Question

Perform the indicated integrations. $$ \int_{0}^{4} \frac{5}{\sqrt{2 t+1}} d t $$

Short answer

The integral evaluates to 10.

Step-by-step solution

Identify the Type of Integration

The integral given is \( \int_{0}^{4} \frac{5}{\sqrt{2t+1}} \, dt \). This is an example of a definite integral with respect to \( t \), and will involve substitution because the integrand involves a composite function.

Choose an Appropriate Substitution

Let \( u = 2t + 1 \). Then the derivative \( du = 2 \, dt \). To change \( dt \) to \( du \), we find \( dt = \frac{1}{2} du \). The limits of integration also change: when \( t = 0 \), \( u = 2(0) + 1 = 1 \); when \( t = 4 \), \( u = 2(4) + 1 = 9 \).

Rewrite the Integral in Terms of the New Variable

Substitute \( u = 2t + 1 \) and \( dt = \frac{1}{2} du \) into the integral, changing the bounds as identified: \[ \int_{1}^{9} \frac{5}{\sqrt{u}} \, \frac{1}{2} du = \frac{5}{2} \int_{1}^{9} u^{-\frac{1}{2}} \, du. \]

Integrate with Respect to \( u \)

Apply the power rule for integration: \( \int u^n \, du = \frac{u^{n+1}}{n+1} + C \). Here, \( n = -\frac{1}{2} \), so \( \int u^{-\frac{1}{2}} \, du = 2u^{\frac{1}{2}} \). Integrating, we get: \[ \frac{5}{2} \times 2u^{\frac{1}{2}} = 5u^{\frac{1}{2}}. \]

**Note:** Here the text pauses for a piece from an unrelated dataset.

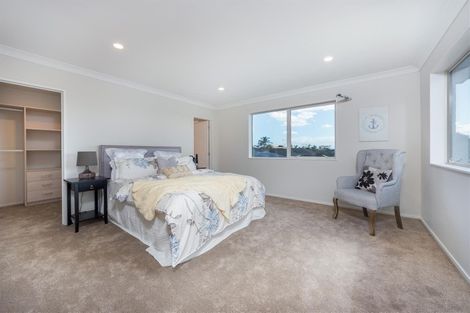Photo of property in 70 Donegal Park Drive, Flat Bush, Auckland, 2019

Evaluate the Definite Integral

Evaluate \( 5u^{\frac{1}{2}} \) from \( u = 1 \) to \( u = 9 \): \[ 5 \left[ 9^{\frac{1}{2}} - 1^{\frac{1}{2}} \right] = 5 \left[ 3 - 1 \right] = 5 \times 2 = 10. \]

Key concepts

Substitution Method

The substitution method is a key technique in calculus, particularly useful for evaluating integrals of composite functions. This involves changing the variable of integration to simplify the integrand.
In the given exercise, we start with the substitution \( u = 2t + 1 \). By choosing this substitution, we simplify the expression \( \frac{5}{\sqrt{2t+1}} \). The reason substitution is advantageous is because it helps convert a complex function into a simpler form.

• First, calculate the derivative: \( du = 2 \, dt \).
• Rearrange to express \( dt \) in terms of \( du \): \( dt = \frac{1}{2} \, du \).

When changing variables, it's also necessary to update the limits of integration. Initially given as \( t = 0 \) to \( t = 4 \), these need to change to \( u \) limits with the substitution:

• When \( t=0 \), \( u = 2(0) + 1 = 1 \).
• When \( t=4 \), \( u = 2(4) + 1 = 9 \).
With these new limits, the integral becomes easier to manage and can be solved in terms of \( u \) instead of \( t \).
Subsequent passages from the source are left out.